The processing plant at Imperial Metals' Red Chris copper-gold mine in northwestern British Columbia, 80 km south of Dease Lake. Credit: Imperial Metals.The processing plant at Imperial Metals' Red Chris copper-gold mine in northwestern British Columbia, 80 km south of Dease Lake. Credit: Imperial Metals.

In danger of breaking a loan covenant because of a slow ramp-up at its Red Chris copper-gold mine in northwestern B.C., Imperial Metals (TSX: III; US-OTC: IPMLF) is turning once again to its largest shareholders for financial help.

One of the clauses under a $200-million senior credit facility for Imperial’s Red Chris stipulated that the mine would reach commercial production by June 1. However, lack of water caused by a late spring runoff has delayed plant commissioning by a month, and the company needs more funds to see it through to commercial production. First production was achieved in February.

Oilsands financier N. Murray Edwards, who controls 36% of Imperial’s shares, has agreed to give the company a short-term, $30-million loan bearing 12% interest through Edco Capital Corp. Imperial is planning an $80-million rights offering to repay the Edco loan — which is due in six months — to support the Red Chris ramp-up, and advance its Mount Polley mine back to production.

Terms of the rights offering have not been announced, besides including units comprised of common shares and convertible debentures. But before it can proceed, the company needs to extend the completion requirement for Red Chris from its creditors.

The news — combined with a $33.4-million first-quarter loss reported on May 15 — sent Imperial shares down 14.7% over three trading days.

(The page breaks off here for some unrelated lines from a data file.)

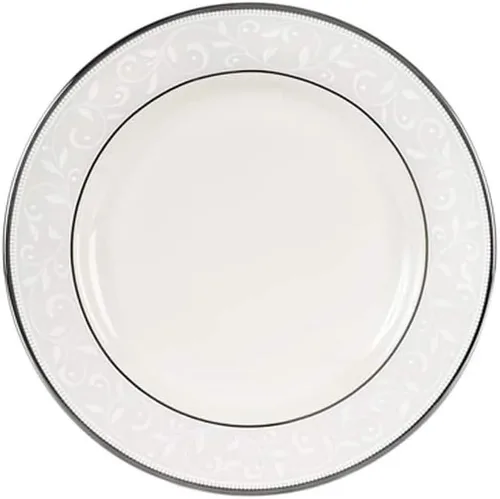 Vista 2 de Lenox Pearl Innocence Rimmed, Tazón de pasta/sopa, marfil
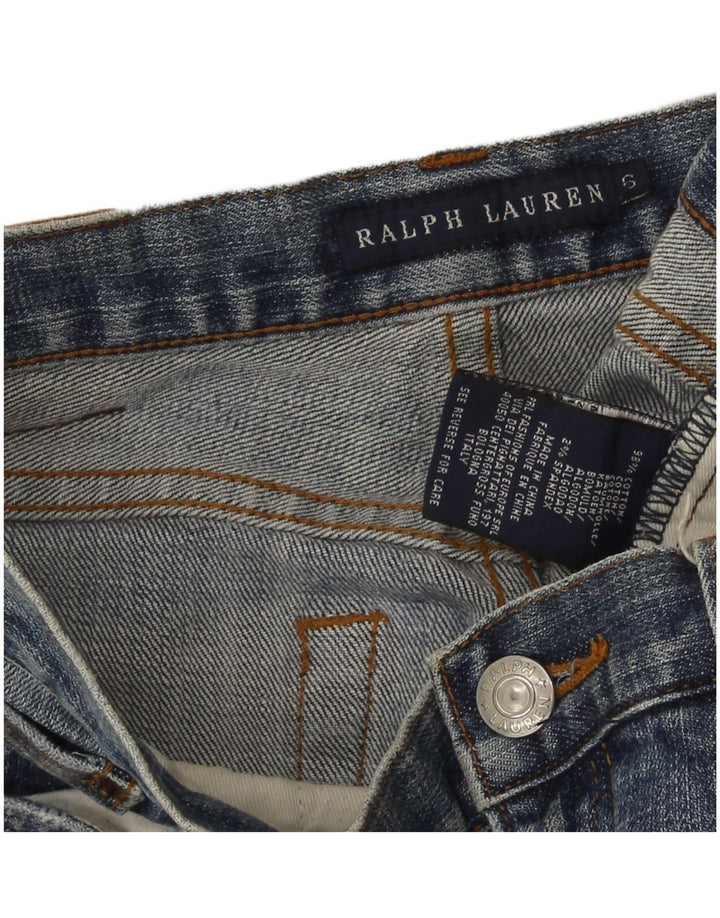 Damskie jeansy Bootcut Ralph Lauren US 6 Medium W30 L30 Niebieskie bawełniane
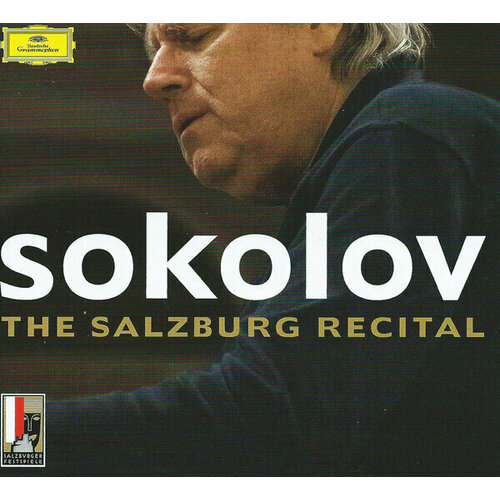 AUDIO CD Sokolov - The Salzburg Recital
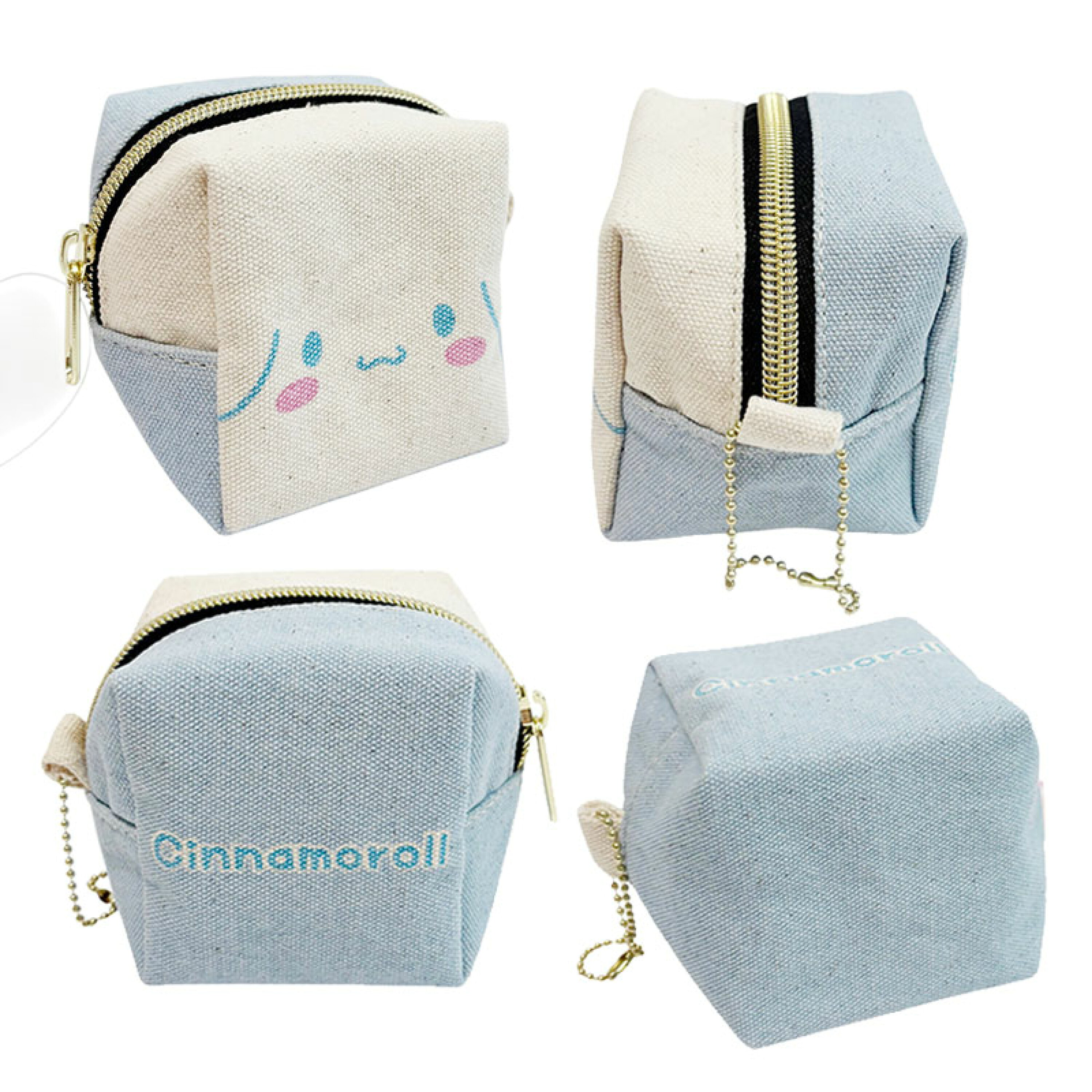 🎌日本直送🎌 Sanrio 卡通 3D立方體收納包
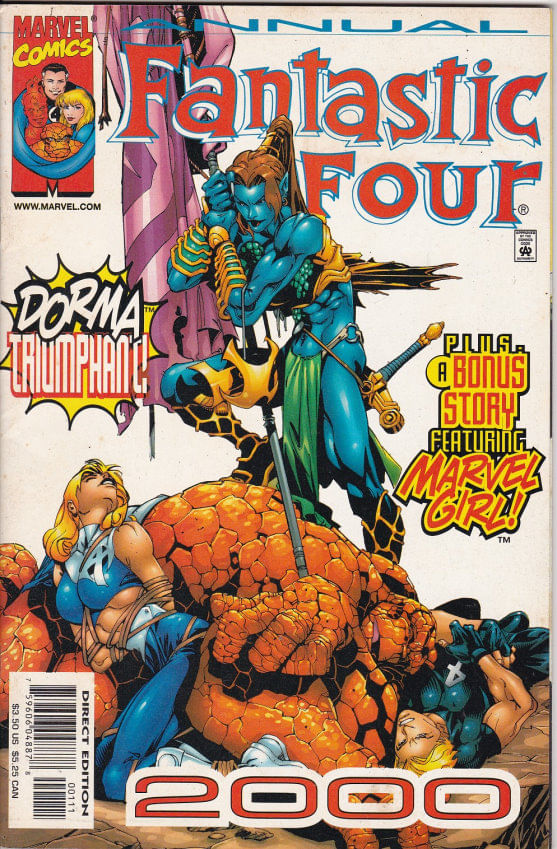 Rika-Comic-Shop---Fantastic-Four---Volume-3---2000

Production at the company’s Mount Polley copper-gold mine has been suspended since last August, when a tailings dam breach sent 25 million cubic metres of mine waste and water into Polley Lake and Quesnel Lake. Imperial’s revenues in the first quarter amounted to only $1.5 million, compared with $51.3 million in last year’s comparable quarter.

However, M Partners’ analyst Derek Macpherson writes in a note that “with the completion of the rights offering, we believe Imperial is likely to have sufficient capital to get Red Chris to positive cash flow.” The analyst upgraded Imperial to a “hold” rating from “under review,” and has put a one-year, $13.50 target on the stock.

Edco and Fairholme Capital Management, which holds nearly 17% of the company’s shares, have agreed to backstop the $80-million rights offering. The shareholders previously bought the lion’s share ($40 million each) of a $100-million convertible debt offering last year that Imperial has used in its cleanup effort at Mount Polley, and to finish building Red Chris.

Imperial also secured a $50-million credit facility in January — guaranteed by Edco — which was meant to provide more liquidity for Red Chris’ startup.

Aside from a temporary lack of water at Red Chris, Imperial has also struggled with lower-than-projected copper recoveries. The mill has so far recovered less than 60% of the copper in ore, falling short of the 86% expected. The company is working to achieve a finer grind to improve recoveries.

The mill had an average 20,000-tonne-per-day throughput in March, against 30,000 tonnes in design throughput.

At Mount Polley in central B.C., Imperial has reported remediation progress, with all major earth moving in the remediation of Hazeltine Creek completed.

The company hopes to restart Mount Polley after applying for a temporary restart permit in January. The plan would see tailings temporarily deposited in the Springer pit at the operation. The company would eventually reopen the Mount Polley tailings pond.

Imperial shares closed at $10.93. They traded in a 52-week window of $7.30 to $17.22 at press time. The company has 75 million shares outstanding.